How I Used Truth - Lesson 1 - Annotation 4

What causes us to lose the consciousness of our spiritual identity?

4. Giving our attention to the external, or to outer experiences of life, to the exclusion of the inner or spiritual realities, causes us to lose the consciousness of our spiritual identity.

Consciousness means the states of mind on any subject, which have been built up through both thinking and feeling. Thus we build a negative state of consciousness about a person or a situation if our thinking and feeling activities are not based on that which is essentially true. We build a positive state of consciousness when we are centered in the Truth.

If we come to a place in life where we seem to "lose the consciousness of our spiritual identity" it is because somehow we have not based our thinking and feeling on the true pattern of our innate divinity. Sometimes we have forgotten our Divine Parent, our source of life, like the child, taken from his real parents, forgets all about them. By letting our consciousness go into the "far country" of the external, we have let consciousness of our spiritual nature. The text reads on page 19:

"We get our eyes fixed on the circumference, or external of our being, We lose consciousness of the indwelling, ever active, unchanging God at the center" (How I Used Truth 19).

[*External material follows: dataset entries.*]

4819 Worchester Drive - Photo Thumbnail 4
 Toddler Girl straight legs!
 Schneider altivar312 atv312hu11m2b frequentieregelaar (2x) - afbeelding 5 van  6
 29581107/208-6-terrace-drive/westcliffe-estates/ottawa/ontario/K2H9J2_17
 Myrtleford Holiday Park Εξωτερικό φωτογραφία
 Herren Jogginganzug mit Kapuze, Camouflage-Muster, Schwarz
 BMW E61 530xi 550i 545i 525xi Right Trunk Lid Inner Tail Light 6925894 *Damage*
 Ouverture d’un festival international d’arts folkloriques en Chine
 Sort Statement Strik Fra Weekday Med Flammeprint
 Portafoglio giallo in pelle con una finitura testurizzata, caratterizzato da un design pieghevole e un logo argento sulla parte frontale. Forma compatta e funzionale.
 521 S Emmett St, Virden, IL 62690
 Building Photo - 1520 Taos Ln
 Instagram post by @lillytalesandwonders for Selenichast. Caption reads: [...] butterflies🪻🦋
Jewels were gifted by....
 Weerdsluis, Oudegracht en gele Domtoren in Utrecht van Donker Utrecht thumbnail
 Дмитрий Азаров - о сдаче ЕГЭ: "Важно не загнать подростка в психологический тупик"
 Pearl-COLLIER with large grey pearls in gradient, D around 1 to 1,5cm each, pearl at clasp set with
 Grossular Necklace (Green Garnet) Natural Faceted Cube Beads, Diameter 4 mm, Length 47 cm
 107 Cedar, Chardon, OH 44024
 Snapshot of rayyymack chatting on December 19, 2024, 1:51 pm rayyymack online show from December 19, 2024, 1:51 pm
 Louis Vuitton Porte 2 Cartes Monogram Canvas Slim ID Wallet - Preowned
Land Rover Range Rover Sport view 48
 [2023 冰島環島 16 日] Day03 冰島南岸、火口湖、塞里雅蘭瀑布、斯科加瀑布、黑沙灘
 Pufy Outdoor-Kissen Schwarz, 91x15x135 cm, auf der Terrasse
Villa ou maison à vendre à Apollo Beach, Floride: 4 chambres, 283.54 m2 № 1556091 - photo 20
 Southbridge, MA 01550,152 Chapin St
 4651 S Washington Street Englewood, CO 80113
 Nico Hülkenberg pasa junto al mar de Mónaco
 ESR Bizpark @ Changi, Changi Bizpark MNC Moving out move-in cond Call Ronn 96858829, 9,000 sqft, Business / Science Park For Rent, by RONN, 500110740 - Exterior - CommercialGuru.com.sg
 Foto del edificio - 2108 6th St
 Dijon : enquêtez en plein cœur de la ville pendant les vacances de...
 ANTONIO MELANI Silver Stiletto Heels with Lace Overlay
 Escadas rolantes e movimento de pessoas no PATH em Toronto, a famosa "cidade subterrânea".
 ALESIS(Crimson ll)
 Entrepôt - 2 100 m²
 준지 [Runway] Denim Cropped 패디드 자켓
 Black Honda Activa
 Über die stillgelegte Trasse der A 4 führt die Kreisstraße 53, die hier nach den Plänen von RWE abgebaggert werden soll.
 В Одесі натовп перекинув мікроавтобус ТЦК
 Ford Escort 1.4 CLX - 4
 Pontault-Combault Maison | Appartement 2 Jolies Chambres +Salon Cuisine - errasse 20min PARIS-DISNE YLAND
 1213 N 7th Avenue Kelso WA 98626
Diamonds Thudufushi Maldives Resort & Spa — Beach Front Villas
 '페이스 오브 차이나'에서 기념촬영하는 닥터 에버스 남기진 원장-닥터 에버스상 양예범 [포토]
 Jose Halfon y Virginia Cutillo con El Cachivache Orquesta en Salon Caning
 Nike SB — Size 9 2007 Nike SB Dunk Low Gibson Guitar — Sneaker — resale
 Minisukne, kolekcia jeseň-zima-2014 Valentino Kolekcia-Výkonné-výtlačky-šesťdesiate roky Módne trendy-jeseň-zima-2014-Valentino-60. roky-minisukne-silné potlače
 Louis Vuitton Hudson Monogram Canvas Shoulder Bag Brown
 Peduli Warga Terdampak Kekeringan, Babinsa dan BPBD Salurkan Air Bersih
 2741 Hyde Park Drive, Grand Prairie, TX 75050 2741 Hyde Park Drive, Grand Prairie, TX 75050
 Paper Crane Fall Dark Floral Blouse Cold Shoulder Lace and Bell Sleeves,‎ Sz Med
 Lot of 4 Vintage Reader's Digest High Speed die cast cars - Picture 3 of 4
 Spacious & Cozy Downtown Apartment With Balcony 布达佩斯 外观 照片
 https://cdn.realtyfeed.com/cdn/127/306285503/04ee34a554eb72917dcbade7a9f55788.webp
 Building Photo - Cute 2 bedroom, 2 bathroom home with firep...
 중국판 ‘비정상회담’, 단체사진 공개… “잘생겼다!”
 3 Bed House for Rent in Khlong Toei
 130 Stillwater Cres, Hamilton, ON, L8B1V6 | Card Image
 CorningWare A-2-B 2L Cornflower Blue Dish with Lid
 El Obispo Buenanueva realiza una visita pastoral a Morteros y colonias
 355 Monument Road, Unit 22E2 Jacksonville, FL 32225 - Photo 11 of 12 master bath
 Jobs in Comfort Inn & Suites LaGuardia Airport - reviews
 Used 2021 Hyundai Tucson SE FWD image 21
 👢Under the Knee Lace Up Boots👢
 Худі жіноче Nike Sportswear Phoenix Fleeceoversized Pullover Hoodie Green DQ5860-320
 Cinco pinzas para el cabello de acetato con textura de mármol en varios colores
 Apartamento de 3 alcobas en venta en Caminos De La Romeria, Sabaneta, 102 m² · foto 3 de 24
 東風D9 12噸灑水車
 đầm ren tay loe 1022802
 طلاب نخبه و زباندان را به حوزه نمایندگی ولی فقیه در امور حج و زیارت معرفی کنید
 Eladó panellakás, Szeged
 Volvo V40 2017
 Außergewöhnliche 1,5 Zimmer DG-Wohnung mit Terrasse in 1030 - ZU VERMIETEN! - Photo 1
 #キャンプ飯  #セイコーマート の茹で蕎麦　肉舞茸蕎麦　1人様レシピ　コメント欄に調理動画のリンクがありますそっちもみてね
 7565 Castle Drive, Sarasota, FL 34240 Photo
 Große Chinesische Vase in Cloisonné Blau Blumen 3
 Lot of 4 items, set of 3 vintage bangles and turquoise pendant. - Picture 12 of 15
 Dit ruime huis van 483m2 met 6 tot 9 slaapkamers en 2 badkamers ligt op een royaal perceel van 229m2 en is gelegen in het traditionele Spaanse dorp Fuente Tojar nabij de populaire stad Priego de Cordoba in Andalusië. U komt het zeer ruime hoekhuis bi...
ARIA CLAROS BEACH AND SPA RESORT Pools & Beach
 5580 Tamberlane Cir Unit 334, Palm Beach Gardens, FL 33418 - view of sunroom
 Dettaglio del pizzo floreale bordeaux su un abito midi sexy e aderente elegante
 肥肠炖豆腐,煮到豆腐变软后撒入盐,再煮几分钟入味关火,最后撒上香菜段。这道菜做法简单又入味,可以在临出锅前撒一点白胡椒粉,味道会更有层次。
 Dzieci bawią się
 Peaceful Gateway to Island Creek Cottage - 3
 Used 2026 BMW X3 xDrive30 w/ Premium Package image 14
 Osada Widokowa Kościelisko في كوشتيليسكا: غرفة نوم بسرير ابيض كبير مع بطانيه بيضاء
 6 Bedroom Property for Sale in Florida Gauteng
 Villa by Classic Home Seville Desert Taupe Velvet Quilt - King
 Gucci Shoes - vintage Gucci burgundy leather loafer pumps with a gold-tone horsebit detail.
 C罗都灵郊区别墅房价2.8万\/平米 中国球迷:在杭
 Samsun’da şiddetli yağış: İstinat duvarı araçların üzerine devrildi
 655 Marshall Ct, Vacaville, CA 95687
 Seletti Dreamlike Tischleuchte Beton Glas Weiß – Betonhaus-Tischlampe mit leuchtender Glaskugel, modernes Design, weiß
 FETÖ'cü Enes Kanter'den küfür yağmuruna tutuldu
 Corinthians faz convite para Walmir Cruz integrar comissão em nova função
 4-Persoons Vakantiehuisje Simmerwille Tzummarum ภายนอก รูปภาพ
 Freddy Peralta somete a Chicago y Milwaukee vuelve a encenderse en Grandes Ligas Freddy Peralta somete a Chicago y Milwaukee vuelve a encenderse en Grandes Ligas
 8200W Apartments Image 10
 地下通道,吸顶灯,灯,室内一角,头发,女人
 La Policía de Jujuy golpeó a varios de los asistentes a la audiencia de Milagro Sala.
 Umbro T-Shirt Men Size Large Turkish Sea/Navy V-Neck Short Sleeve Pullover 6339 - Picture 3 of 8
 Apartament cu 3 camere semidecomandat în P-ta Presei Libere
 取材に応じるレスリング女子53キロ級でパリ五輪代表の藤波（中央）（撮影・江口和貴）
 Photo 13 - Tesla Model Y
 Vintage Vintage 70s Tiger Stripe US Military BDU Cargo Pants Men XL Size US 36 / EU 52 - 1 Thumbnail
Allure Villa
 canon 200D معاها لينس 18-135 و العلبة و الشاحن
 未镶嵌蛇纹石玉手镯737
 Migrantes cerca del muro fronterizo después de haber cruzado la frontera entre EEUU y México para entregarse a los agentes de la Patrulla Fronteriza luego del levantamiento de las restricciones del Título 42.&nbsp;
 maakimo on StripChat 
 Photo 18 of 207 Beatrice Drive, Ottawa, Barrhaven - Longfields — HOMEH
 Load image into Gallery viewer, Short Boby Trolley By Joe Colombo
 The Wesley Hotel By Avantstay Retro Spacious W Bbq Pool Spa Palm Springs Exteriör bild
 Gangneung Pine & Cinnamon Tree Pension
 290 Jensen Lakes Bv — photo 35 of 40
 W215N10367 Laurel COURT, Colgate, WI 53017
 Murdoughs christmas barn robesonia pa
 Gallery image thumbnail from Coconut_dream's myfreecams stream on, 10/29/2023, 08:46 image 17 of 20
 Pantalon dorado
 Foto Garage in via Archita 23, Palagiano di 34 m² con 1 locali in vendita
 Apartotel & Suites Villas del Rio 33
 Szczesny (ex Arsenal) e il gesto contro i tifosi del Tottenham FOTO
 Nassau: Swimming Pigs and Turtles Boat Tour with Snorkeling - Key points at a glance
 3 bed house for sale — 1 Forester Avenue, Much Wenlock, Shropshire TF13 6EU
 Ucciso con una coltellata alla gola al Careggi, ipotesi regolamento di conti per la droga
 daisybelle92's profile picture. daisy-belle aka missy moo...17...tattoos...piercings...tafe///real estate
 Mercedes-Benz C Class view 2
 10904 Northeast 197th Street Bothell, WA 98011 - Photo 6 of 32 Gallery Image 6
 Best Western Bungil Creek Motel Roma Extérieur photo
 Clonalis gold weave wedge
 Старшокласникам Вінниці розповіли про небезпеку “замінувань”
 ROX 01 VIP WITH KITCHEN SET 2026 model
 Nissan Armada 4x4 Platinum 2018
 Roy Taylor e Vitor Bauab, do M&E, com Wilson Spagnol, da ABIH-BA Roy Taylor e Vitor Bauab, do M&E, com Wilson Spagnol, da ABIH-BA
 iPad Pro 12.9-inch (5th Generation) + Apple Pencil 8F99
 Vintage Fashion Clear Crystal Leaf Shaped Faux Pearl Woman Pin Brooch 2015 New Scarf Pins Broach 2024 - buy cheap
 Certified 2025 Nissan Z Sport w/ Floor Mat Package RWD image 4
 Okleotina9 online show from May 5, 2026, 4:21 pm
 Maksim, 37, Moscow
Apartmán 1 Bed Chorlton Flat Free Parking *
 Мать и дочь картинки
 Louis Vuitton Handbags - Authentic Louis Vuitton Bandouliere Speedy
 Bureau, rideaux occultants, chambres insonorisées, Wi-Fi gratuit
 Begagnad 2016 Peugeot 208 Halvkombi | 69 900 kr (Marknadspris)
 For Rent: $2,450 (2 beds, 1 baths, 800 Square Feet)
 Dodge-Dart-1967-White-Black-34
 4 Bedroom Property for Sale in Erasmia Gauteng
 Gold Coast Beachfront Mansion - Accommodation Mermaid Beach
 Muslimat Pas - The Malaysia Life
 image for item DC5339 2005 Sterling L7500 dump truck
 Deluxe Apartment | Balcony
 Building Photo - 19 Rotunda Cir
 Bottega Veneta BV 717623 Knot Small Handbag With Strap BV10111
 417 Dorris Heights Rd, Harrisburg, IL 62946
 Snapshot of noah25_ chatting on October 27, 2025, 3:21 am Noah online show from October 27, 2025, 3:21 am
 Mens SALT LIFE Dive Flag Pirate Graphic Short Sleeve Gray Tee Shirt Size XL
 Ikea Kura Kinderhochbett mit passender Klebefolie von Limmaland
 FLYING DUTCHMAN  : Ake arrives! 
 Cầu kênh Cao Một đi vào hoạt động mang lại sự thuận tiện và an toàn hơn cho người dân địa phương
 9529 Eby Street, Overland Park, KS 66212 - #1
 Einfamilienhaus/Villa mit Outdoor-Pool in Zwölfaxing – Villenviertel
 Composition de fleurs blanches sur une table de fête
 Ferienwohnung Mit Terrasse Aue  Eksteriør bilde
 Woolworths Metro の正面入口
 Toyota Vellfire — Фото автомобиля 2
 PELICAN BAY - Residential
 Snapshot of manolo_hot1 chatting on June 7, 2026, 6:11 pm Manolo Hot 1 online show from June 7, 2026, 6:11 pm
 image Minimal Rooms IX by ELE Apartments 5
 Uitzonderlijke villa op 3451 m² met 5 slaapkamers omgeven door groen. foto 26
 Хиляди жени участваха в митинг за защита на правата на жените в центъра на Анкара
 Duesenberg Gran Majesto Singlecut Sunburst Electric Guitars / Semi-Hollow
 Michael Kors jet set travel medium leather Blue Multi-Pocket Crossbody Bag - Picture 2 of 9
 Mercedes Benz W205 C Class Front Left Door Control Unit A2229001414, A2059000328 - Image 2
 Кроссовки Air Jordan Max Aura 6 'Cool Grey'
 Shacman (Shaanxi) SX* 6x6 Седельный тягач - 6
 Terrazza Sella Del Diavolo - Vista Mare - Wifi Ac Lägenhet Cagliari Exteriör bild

As self-conscious beings we have the right of choice. When we seem to have lost awareness of our divinity, it is because we have not chosen to turn consciously to the source of our being — "the indwelling, ever active, unchanging God" — in prayer. The soul literally "starves" for the "living bread." This spiritual food is in the form of ideas, or inspiration, that the soul must have for its unfoldment. If legitimate "soul food" is not forthcoming, then there will be a search in the outer or external for fulfillment of the needs of the mind, of the body, of the family. When the attention (thinking and feeling) is thus diverted to externals at the expense of inner realities, we are apt to become absorbed in the outer. We give our whole thought, interest, attention to supplying food, clothing, housing for the body; educating and entertaining the mind, providing for the needs of loved ones. If our attention is turned exclusively to these pursuits, then there is little consciousness of ourselves as spiritual beings, or of God as the source from which all the needed good comes forth. Too often, in such cases, God seems afar off, only a theory or a religious tenet.

We lose sight of that which we do not keep continually in mind, that in which we seem to have no special interest. When we are looking exclusively to the effect side of life, we are not giving much attention -- if any -- to God and our relationship to Him as His son with an inheritance of all good.

There are times in the lives of all of us when we do feel separated from God — separated from health, harmony, abundance, peace. When such periods come we may reach out, hoping for a "mediator" to draw us back to God, to reconcile us with God. As we consider our threefold nature, we see why our true "mediator" is the indwelling Christ, the I AM, our own divine nature. Jesus taught that each of us must look to the Christ within us as "mediator" and savior. Jesus' teaching and His life bear this out in every detail. This was intimated in Jesus' words found in John 16:7:

"Nevertheless I tell you the truth: it is expedient for you that I go away; for if I go not away, the Comforter will not come unto you."

The text puts it this way on page 23:

"No man can come to the Father except through the Christ part of himself. You cannot come around through some other person or by any outside way" (How I Used Truth 23).

Rather than look outside ourselves for a "mediator," we should turn within through the process of prayer to the Christ Self that Jesus called "the Father." The words quoted from John's Gospel give evidence that Jesus sought to encourage us to look beyond His personality to the Comforter, the Christ Spirit, the Father within us.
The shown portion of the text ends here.